— Problem statement —
Repeat the data word for word. Do not include the pictures.

**** Source data ****

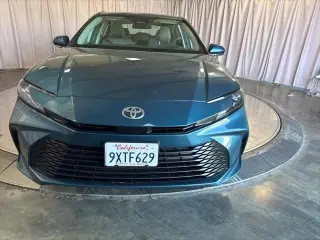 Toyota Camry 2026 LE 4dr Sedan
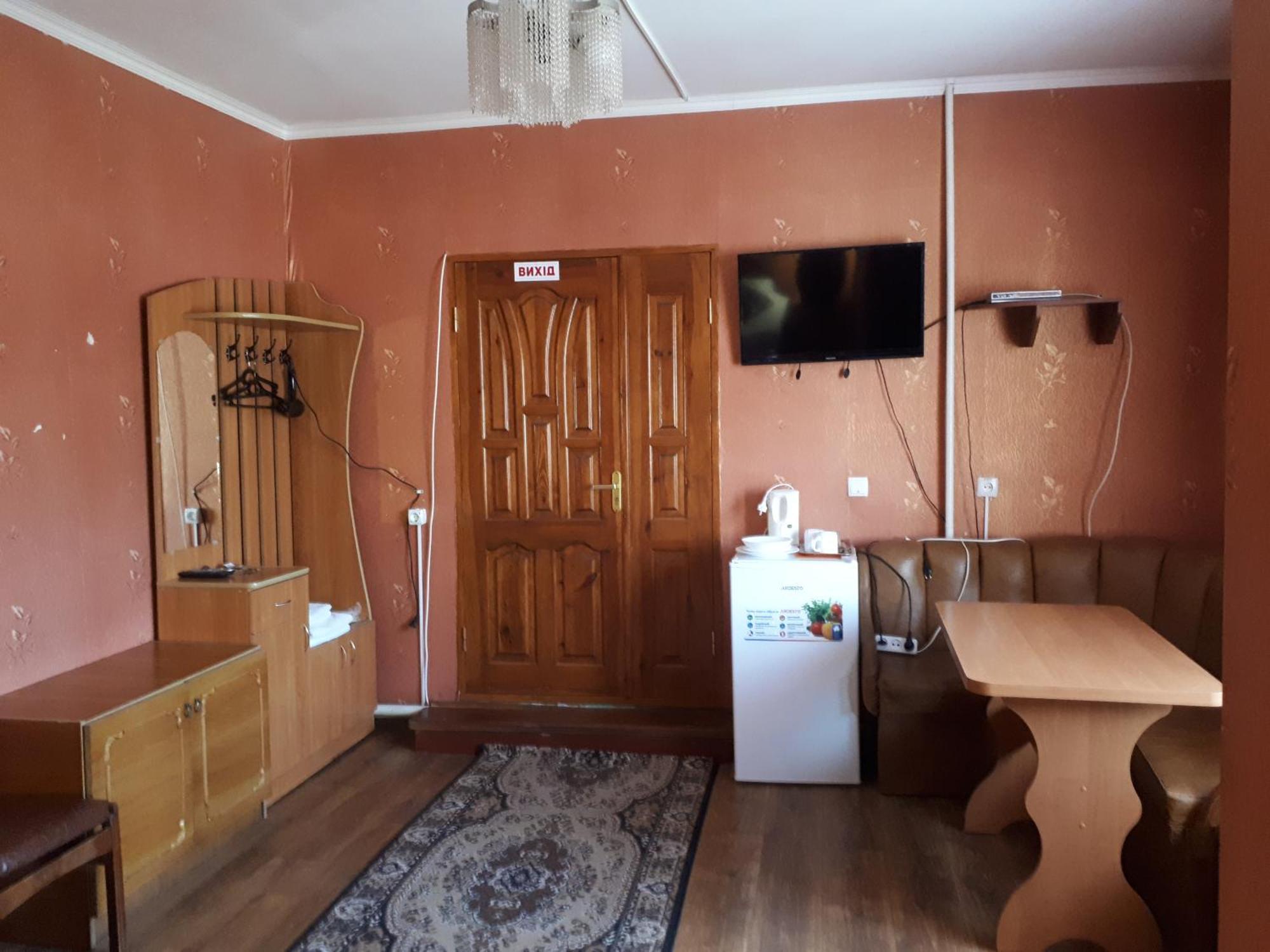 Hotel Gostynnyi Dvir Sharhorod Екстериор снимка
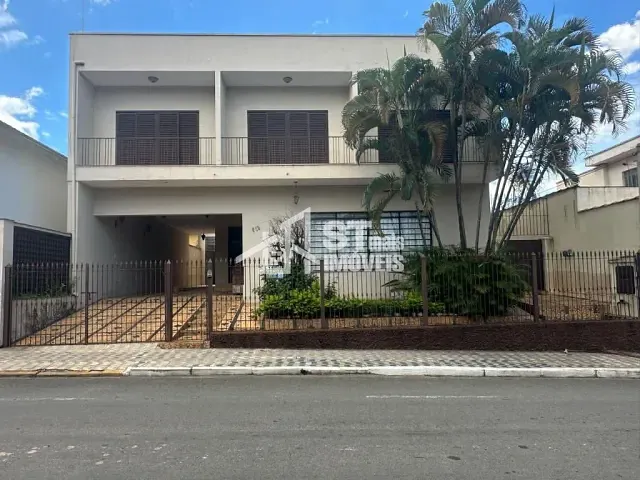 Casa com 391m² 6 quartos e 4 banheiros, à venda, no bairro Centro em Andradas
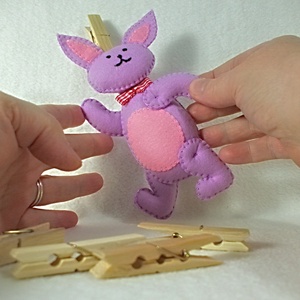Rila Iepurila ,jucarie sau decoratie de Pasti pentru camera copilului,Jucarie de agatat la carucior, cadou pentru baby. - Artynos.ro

****

— Finished exercise —
 Toyota Camry 2026 LE 4dr Sedan
 Hotel Gostynnyi Dvir Sharhorod Екстериор снимка
 Casa com 391m² 6 quartos e 4 banheiros, à venda, no bairro Centro em Andradas
Rila Iepurila ,jucarie sau decoratie de Pasti pentru camera copilului,Jucarie de agatat la carucior, cadou pentru baby. - Artynos.ro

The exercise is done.